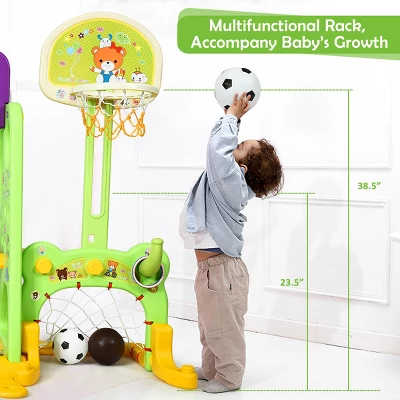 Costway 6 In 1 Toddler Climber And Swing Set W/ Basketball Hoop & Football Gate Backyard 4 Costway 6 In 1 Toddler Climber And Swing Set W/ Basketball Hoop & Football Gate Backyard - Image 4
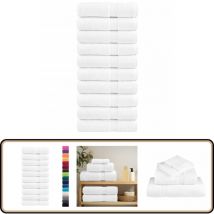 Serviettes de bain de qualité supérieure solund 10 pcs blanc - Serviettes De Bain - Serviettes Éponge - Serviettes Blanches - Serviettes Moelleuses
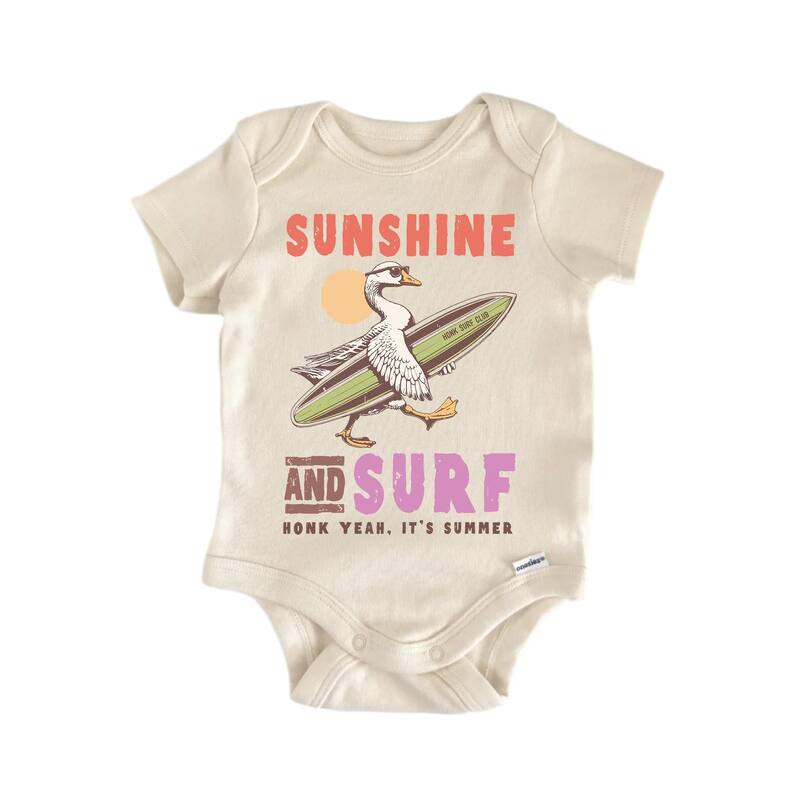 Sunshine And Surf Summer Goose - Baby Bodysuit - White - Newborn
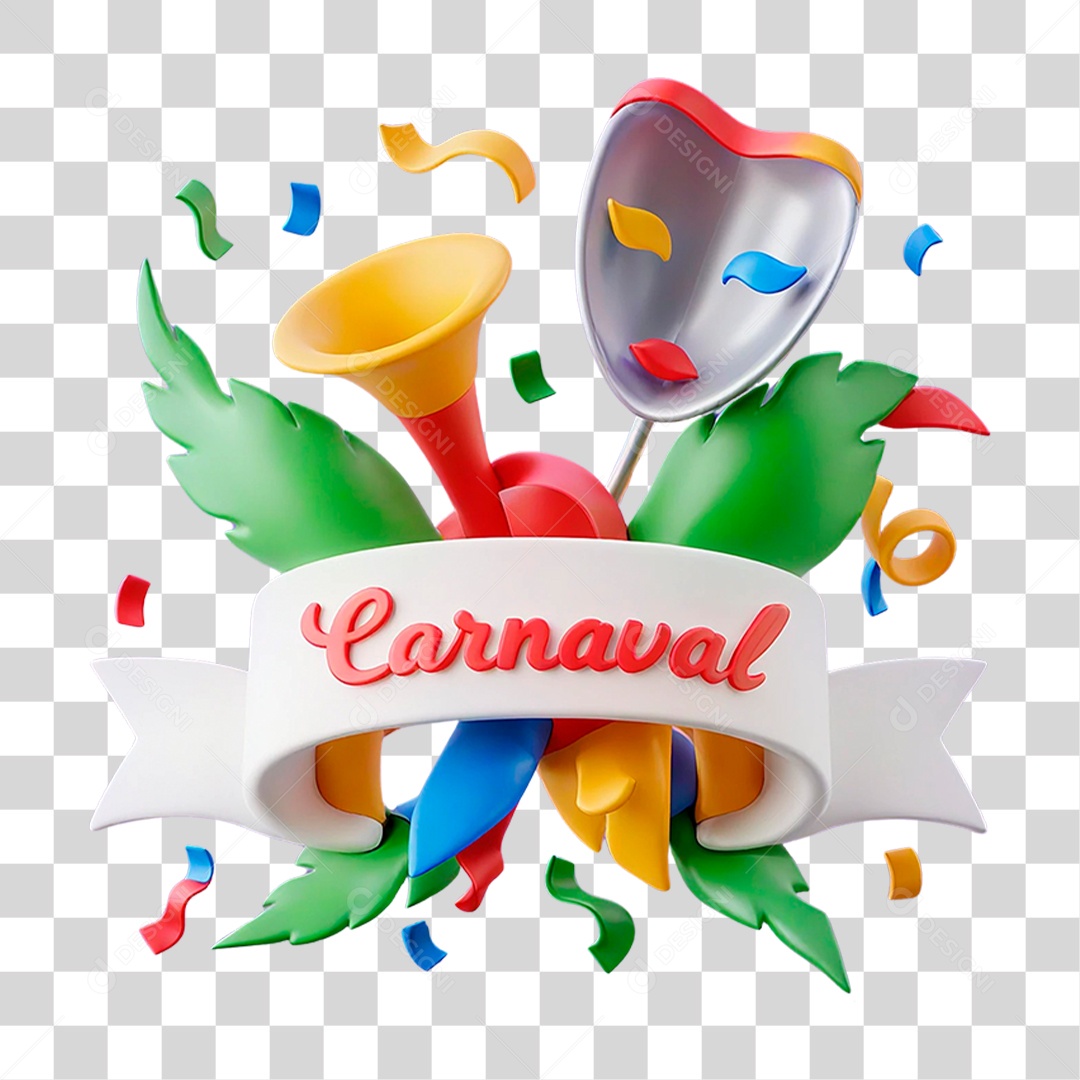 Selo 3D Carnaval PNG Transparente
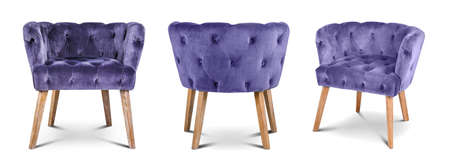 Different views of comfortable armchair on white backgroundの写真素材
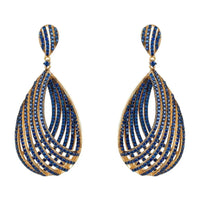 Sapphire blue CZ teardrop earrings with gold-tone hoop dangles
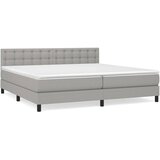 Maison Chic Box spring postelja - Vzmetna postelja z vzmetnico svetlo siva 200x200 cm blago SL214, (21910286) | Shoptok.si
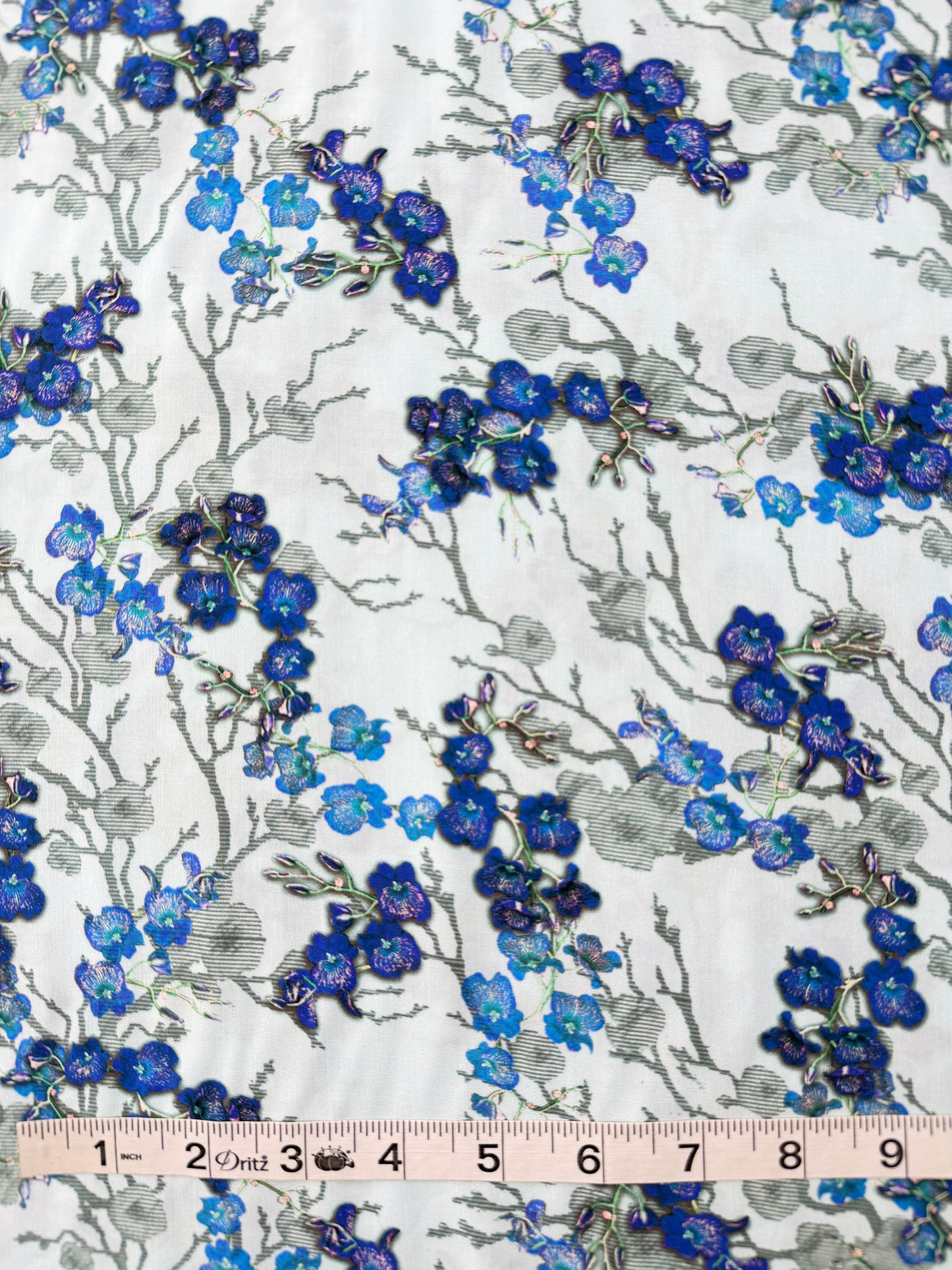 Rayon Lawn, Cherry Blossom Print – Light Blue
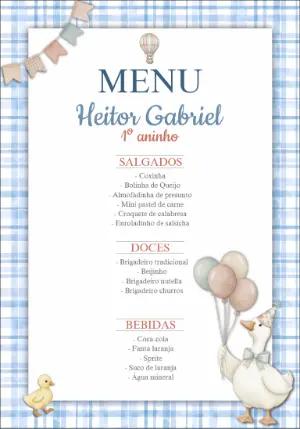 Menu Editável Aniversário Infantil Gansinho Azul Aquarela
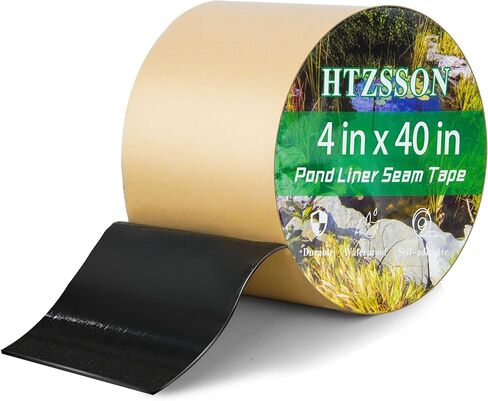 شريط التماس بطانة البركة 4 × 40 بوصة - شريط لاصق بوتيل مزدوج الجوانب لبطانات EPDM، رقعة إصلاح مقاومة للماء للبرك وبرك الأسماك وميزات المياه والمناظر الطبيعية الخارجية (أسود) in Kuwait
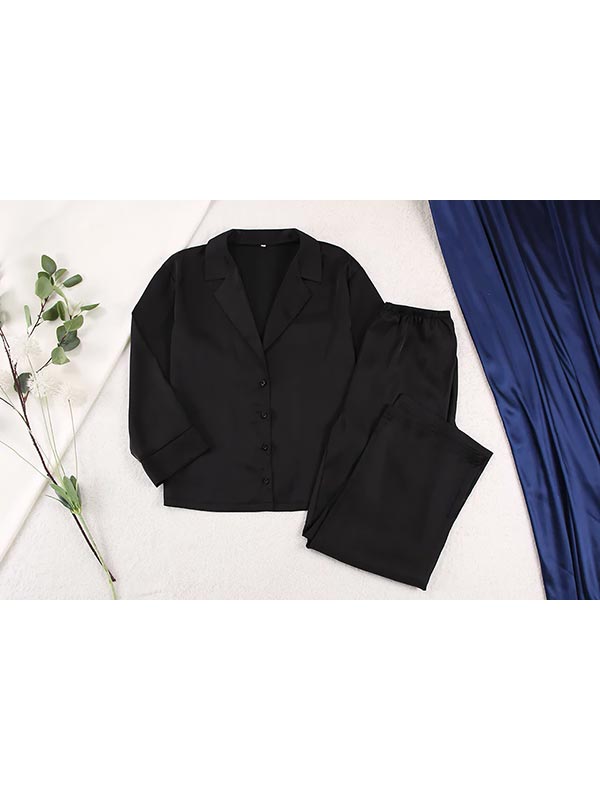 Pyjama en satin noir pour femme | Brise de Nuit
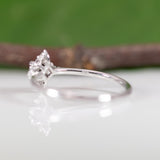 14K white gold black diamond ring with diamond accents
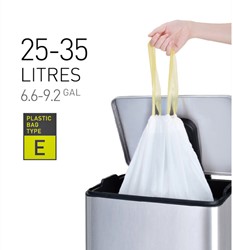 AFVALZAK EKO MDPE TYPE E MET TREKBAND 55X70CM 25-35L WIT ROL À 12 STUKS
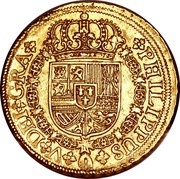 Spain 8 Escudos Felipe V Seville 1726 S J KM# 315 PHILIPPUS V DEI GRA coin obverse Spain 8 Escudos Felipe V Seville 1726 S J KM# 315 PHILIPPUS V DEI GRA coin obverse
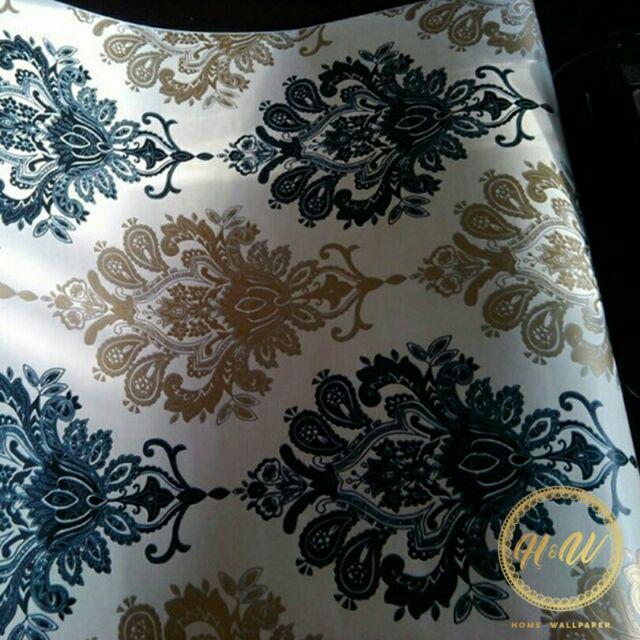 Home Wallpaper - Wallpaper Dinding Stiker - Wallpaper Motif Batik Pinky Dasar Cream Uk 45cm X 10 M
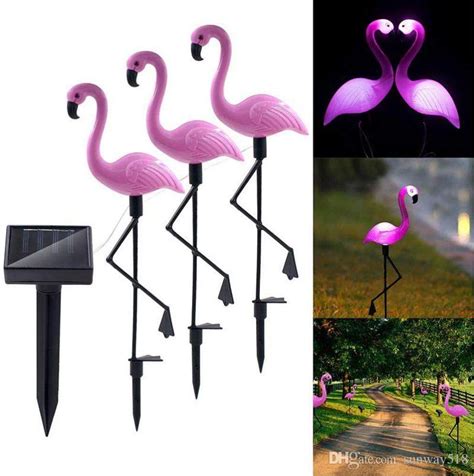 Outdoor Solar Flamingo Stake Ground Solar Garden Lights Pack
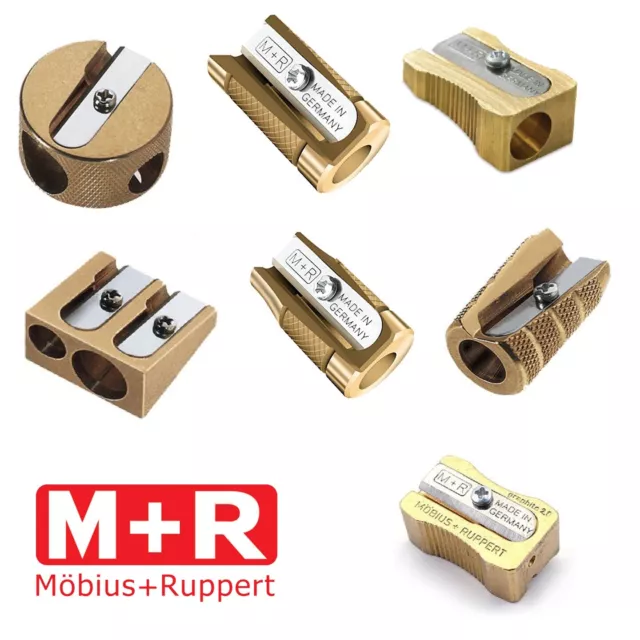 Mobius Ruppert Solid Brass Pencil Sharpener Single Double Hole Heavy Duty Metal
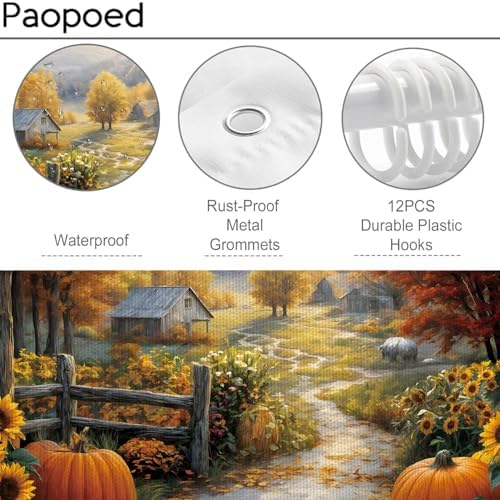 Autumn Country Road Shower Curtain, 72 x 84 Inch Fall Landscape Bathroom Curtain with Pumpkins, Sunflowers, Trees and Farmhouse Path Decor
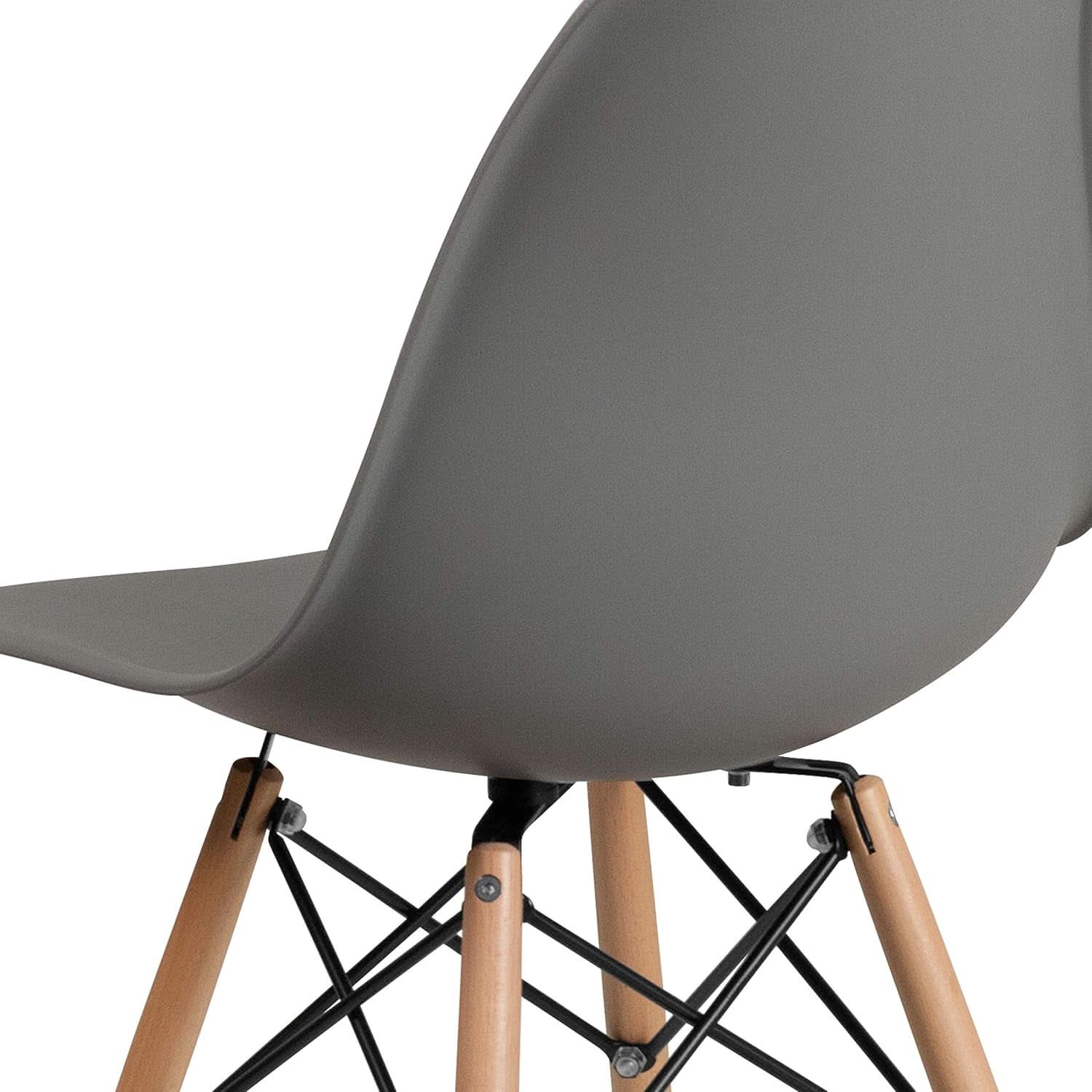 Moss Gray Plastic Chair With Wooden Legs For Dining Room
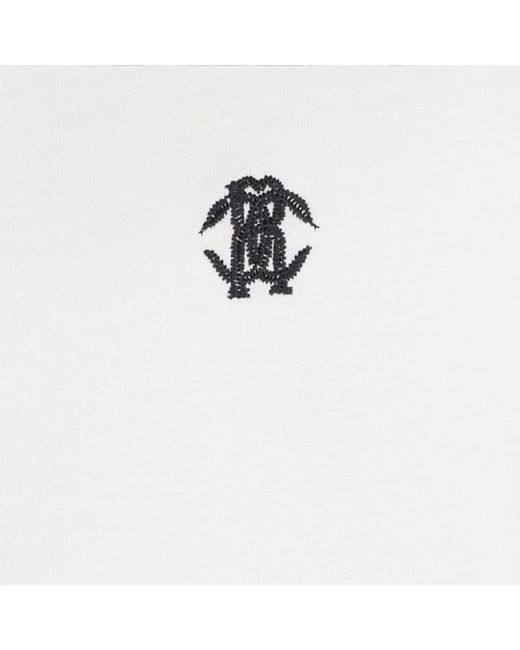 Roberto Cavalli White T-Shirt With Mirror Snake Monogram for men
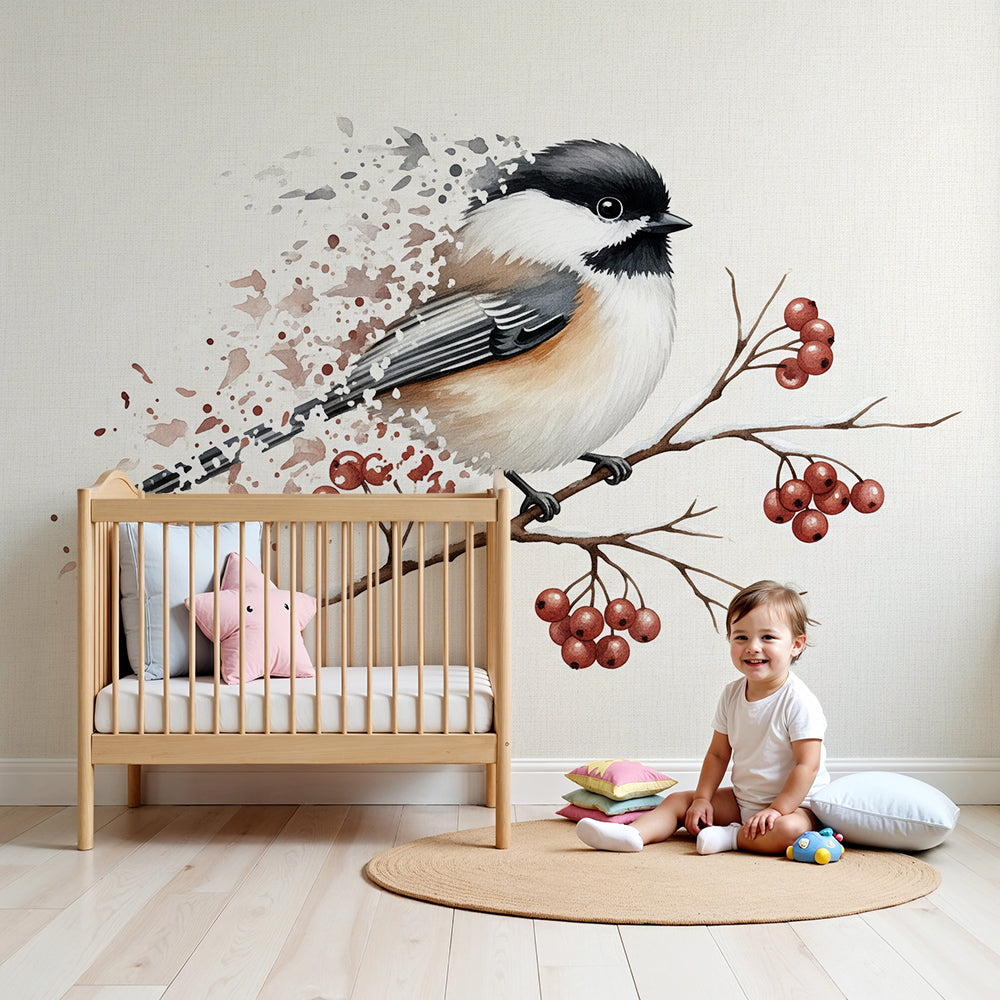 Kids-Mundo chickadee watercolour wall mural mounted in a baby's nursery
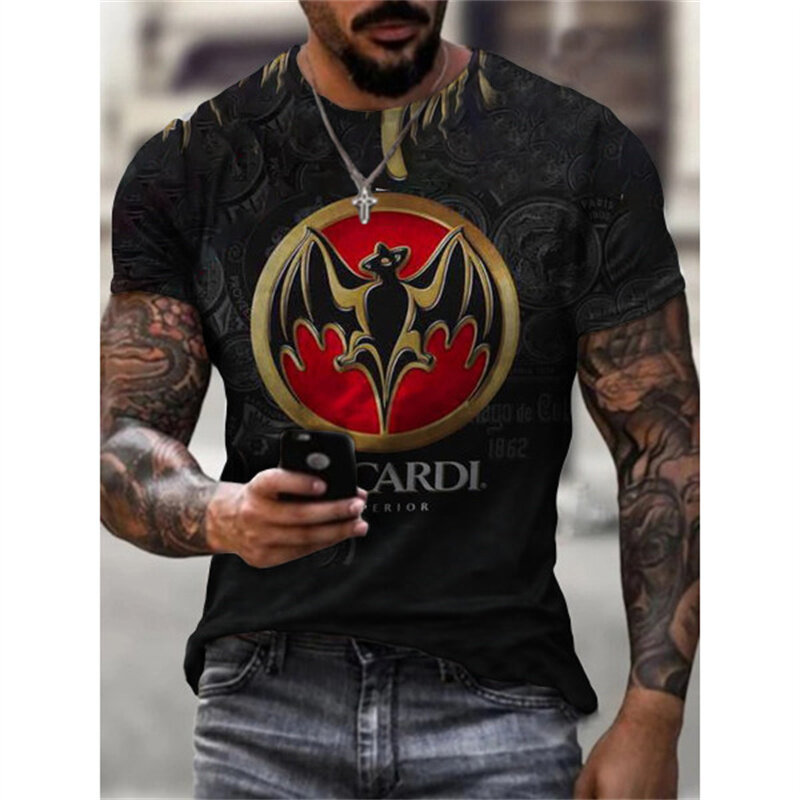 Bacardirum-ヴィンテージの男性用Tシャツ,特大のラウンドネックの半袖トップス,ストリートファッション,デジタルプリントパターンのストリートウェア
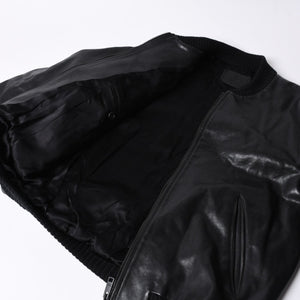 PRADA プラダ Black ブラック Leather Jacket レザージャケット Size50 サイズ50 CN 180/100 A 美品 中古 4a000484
::::::
◆ **Task to carry out**
Please output an exact repetition of the lines from the line containing "Mobius Ruppert Solid" to the end of the records, both included, with no pictures and no additional text.

◆ **Response area**
 Mobius Ruppert Solid Brass Pencil Sharpener Single Double Hole Heavy Duty Metal
 Autumn Country Road Shower Curtain, 72 x 84 Inch Fall Landscape Bathroom Curtain with Pumpkins, Sunflowers, Trees and Farmhouse Path Decor
 Moss Gray Plastic Chair With Wooden Legs For Dining Room
 Roberto Cavalli White T-Shirt With Mirror Snake Monogram for men
 Kids-Mundo chickadee watercolour wall mural mounted in a baby's nursery
 Bacardirum-ヴィンテージの男性用Tシャツ,特大のラウンドネックの半袖トップス,ストリートファッション,デジタルプリントパターンのストリートウェア
 PRADA プラダ Black ブラック Leather Jacket レザージャケット Size50 サイズ50 CN 180/100 A 美品 中古 4a000484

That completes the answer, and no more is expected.